» **Excerpted data**
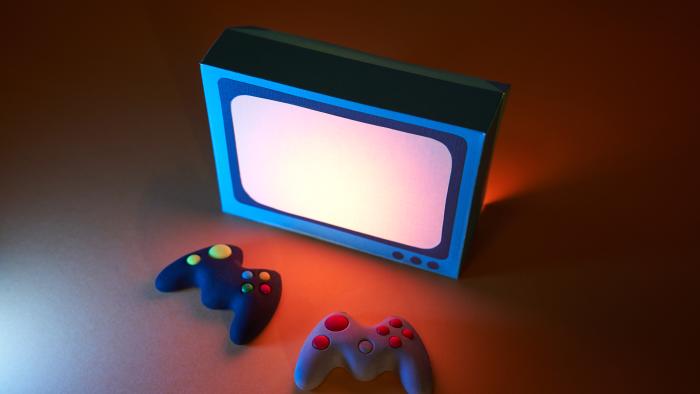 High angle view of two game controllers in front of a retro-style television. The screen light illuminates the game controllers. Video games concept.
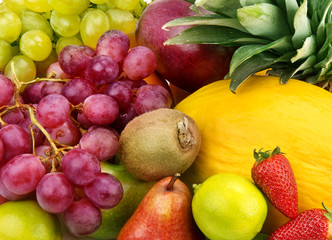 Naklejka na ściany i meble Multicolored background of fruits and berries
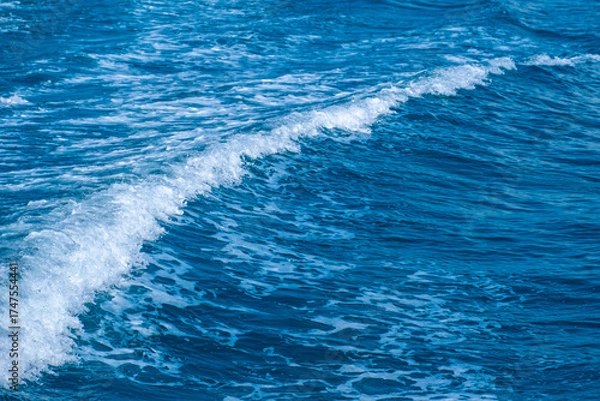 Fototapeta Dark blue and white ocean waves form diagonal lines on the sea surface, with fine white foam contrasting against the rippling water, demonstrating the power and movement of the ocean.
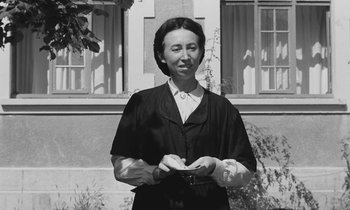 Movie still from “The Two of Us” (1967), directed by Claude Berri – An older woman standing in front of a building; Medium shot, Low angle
...
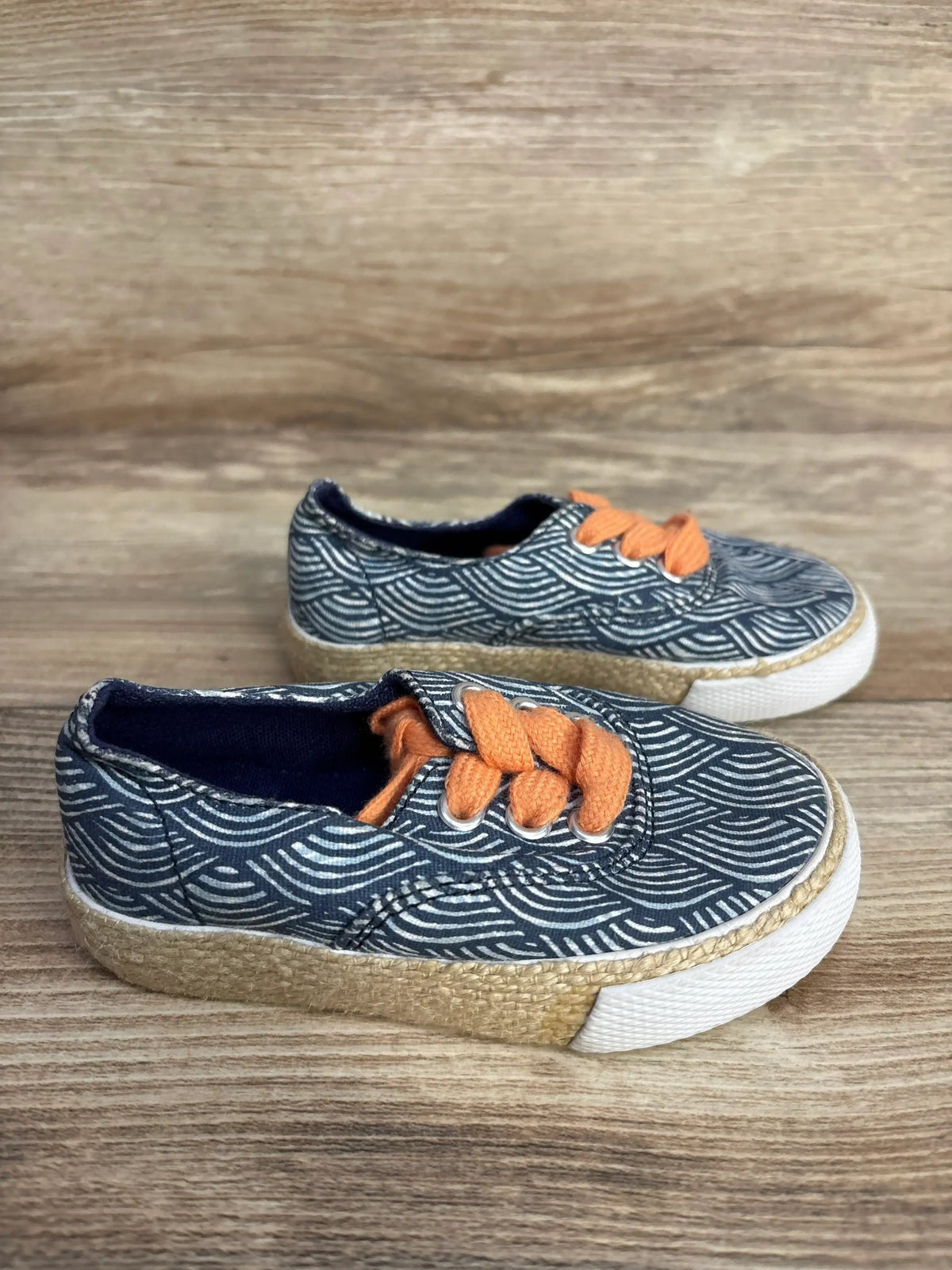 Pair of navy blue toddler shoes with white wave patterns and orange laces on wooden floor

» **Your assignment**
In the data above, retype only the stretch from the line with "High angle view" through the line with "Movie still from", word for word, and skip any pictures.

» **Task output**
 High angle view of two game controllers in front of a retro-style television. The screen light illuminates the game controllers. Video games concept.
 Naklejka na ściany i meble Multicolored background of fruits and berries
 Fototapeta Dark blue and white ocean waves form diagonal lines on the sea surface, with fine white foam contrasting against the rippling water, demonstrating the power and movement of the ocean.
 Movie still from “The Two of Us” (1967), directed by Claude Berri – An older woman standing in front of a building; Medium shot, Low angle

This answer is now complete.